This farro salad with radicchio was delicious—easy to put together and very satisfying to eat. It’s a nice change from usual farro salads as the bitterness of the grilled radicchio combined with the tartness of the lemony dressing make a winning combination. The cheese adds a saltiness while the almonds add some crunch. I think it also could get other personal touches and would be a great starting point for lots of other versions. Charred romaine lettuce would work well and offer a bit less of the bitterness of the radicchio and I think any salty cheese would work, as would any nuts. Toasting the nuts certainly enhances their flavor and texture.

"I should cook with farro more often,” was my first thought after I enjoyed this salad—I had forgotten how good it is. It resembles brown rice, but I love that it takes less than half the time to cook.

Farro’s nice, dense chew makes this salad satisfying along with the textures and flavors of other ingredients: crunchy and sweet almonds, firm and slightly bitter radicchio, and crumbly salty ricotta salata.

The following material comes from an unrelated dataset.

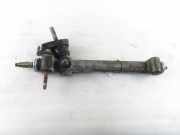 Lenkgetriebe Opel Corsa C (X01) 26082855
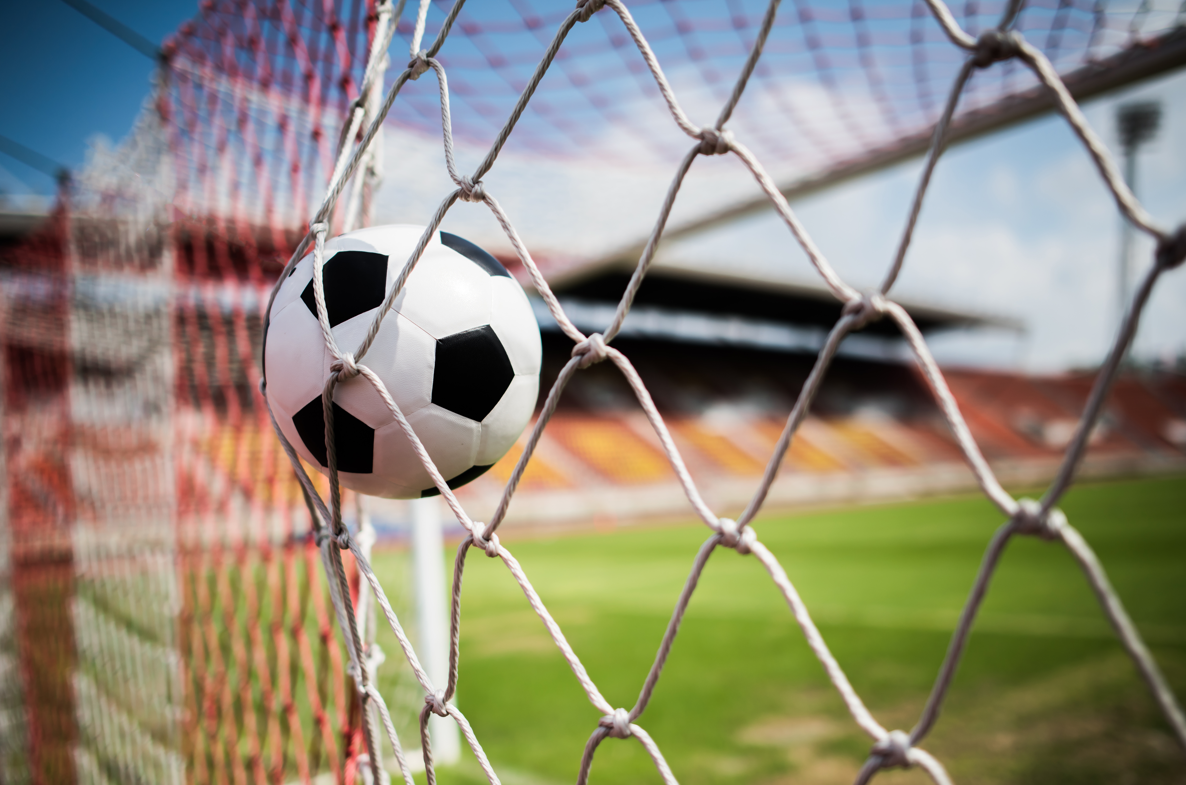 UTSA soccer looks to build off promising 2023 season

Of course you can endlessly expand on this recipe. Pistachios or pecans would be great substitutes for almonds and sweet bell peppers can certainly join radicchio on the grill. Got some delicious olives or other herbs to add? Why not? It’s not a grill-friendly season where I am yet, so here’s what I did with the radicchio: quartered it lengthwise, then went ahead and sliced the quarters crosswise, and tossed with olive oil. After the almonds were toasted, I used the same pan to roast the radicchio for 5 minutes at the same temperature, then put it under a broiler for 2 minutes to char the edges.